**Exercise prompt**
Go through the data and say how many lines include the string "with"; return only the figure.

**Input**

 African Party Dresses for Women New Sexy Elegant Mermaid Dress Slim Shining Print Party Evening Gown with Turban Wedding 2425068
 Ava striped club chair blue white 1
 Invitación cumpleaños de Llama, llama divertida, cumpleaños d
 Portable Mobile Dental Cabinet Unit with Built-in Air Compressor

==

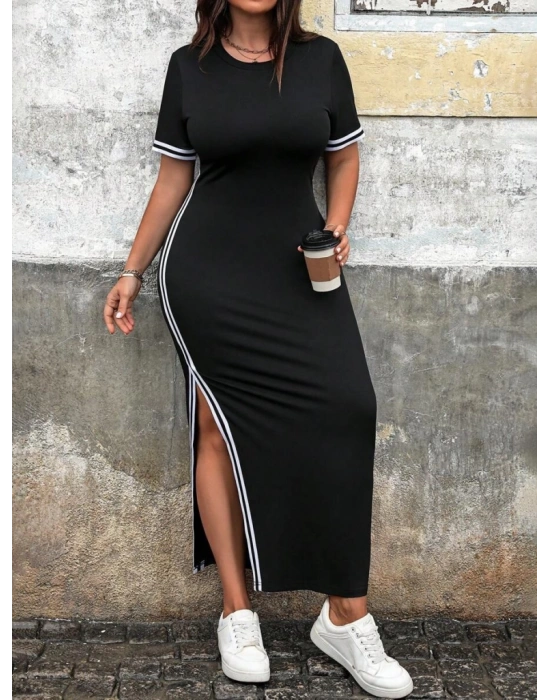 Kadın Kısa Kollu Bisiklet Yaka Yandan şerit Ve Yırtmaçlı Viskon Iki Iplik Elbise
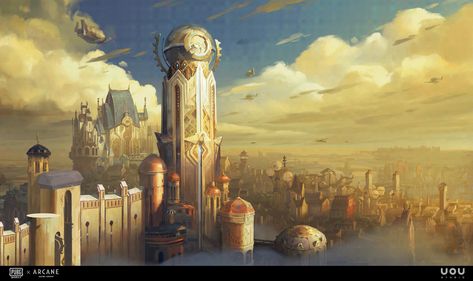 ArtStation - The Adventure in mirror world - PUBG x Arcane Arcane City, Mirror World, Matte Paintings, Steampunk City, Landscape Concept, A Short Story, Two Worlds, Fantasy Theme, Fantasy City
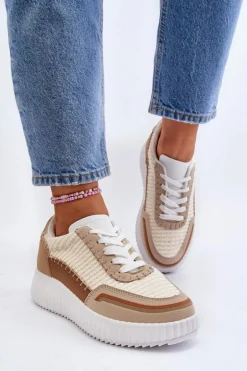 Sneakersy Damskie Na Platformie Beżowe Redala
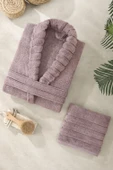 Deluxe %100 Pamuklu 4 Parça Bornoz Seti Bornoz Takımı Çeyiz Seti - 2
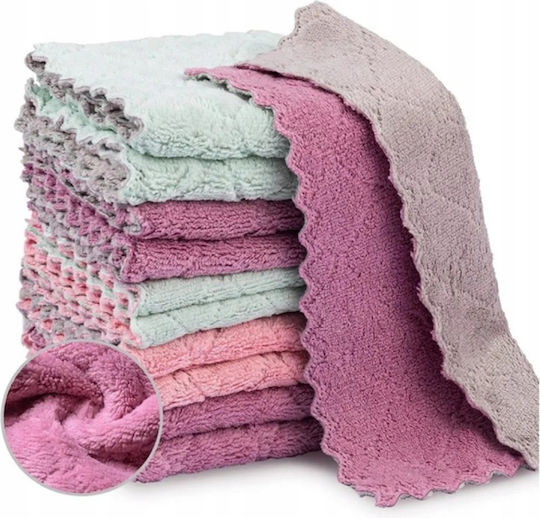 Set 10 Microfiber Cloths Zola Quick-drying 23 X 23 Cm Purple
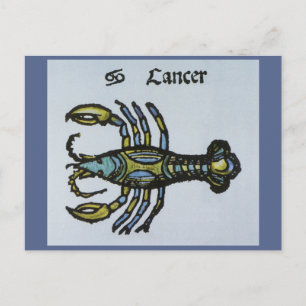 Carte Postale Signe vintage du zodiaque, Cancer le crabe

**Answer box**
2